Does it matter when she was slighted? Am I stirring the pot or am I responding to a post ? Is it stirring the pot to respond with my opinion and outlook on my experience in ST? Maybe that is part of the problem. My participation and experience (and of course you can only see part of it as the rest has been trimmed) is judged as pot stirring and nothing more.


----------



## Guest

painterswife said:


> Does it matter when she was slighted? Am I stirring the pot or am I responding to a post ? Is it stirring the pot to respond with my opinion and outlook on my experience in ST? Maybe that is part of the problem. My participation and experience (and of course you can only see part of it as the rest has been trimmed) is judged as pot stirring and nothing more.


So here's the deal.......
I have a habit of browsing through old posts of people who SEEM to be pot-stirring...funny how those old posts reveal so much information about a person...how many posts they have written which criticize other people...how many posts they have written which serve only to keep those flames burning brightly vs calm an argument down....I love old posts !!!!!!!!!!!!!!!!!!!!! 

I spent time last night happily reading a lot of old posts from a few people ...
You have a nice day now


----------



## Terri in WV

painterswife said:


> Does it matter when she was slighted? Am I stirring the pot or am I responding to a post ? Is it stirring the pot to respond with my opinion and outlook on my experience in ST? Maybe that is part of the problem. My participation and experience (and of course you can only see part of it as the rest has been trimmed) is judged as pot stirring and nothing more.


Well, seeing as how we were talking about new arrivals, I think it does.

And from what I have seen, your participation has not been to integrate yourself with ST.


----------



## painterswife

Terri in WV said:


> Well, seeing as how we were talking about new arrivals, I think it does.
> 
> And from what I have seen, your participation has not been to integrate yourself with ST.

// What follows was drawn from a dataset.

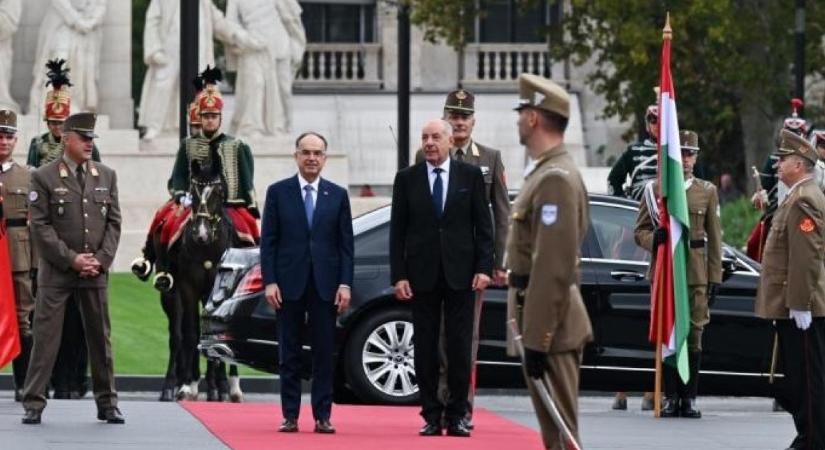 Sulyok Tamás vendégül látta, meg is hívták ebbe az országba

Maybe that was because of exactly what this original thread was about. I was not treated very nicely when I did.


----------



## viggie

Giving members a hard time for believing members are given a hard time. Gotta love it.


----------



## painterswife

bostonlesley said:


> So here's the deal.......
> I have a habit of browsing through old posts of people who SEEM to be pot-stirring...funny how those old posts reveal so much information about a person...how many posts they have written which criticize other people...how many posts they have written which serve only to keep those flames burning brightly vs calm an argument down....I love old posts !!!!!!!!!!!!!!!!!!!!!
> 
> I spent time last night happily reading a lot of old posts from a few people ...
> You have a nice day now


My impression of your posting history is that you have done some of what could be called pot stirring. You asked questions I have responded in a very civilized and measured way. I guess that is now pot stirring. No wonder new people think this forum can be uninviting.


----------



## Bret

bostonlesley said:


> So here's the deal.......
> I have a habit of browsing through old posts of people who SEEM to be pot-stirring...funny how those old posts reveal so much information about a person...how many posts they have written which criticize other people...how many posts they have written which serve only to keep those flames burning brightly vs calm an argument down....I love old posts !!!!!!!!!!!!!!!!!!!!!
> 
> I spent time last night happily reading a lot of old posts from a few people ...
> You have a nice day now


This is why I always wear clean underwear when posting. You never know when someone is going to read what you wrote. Reading some of my old posts sometimes causes me to thump my forehead.


----------



## Terri in WV

I'd like to paraphrase another poster:

Don't like it, too bad for you.


----------



## Jade1096

I've been around for awhile but rarely post much of anything.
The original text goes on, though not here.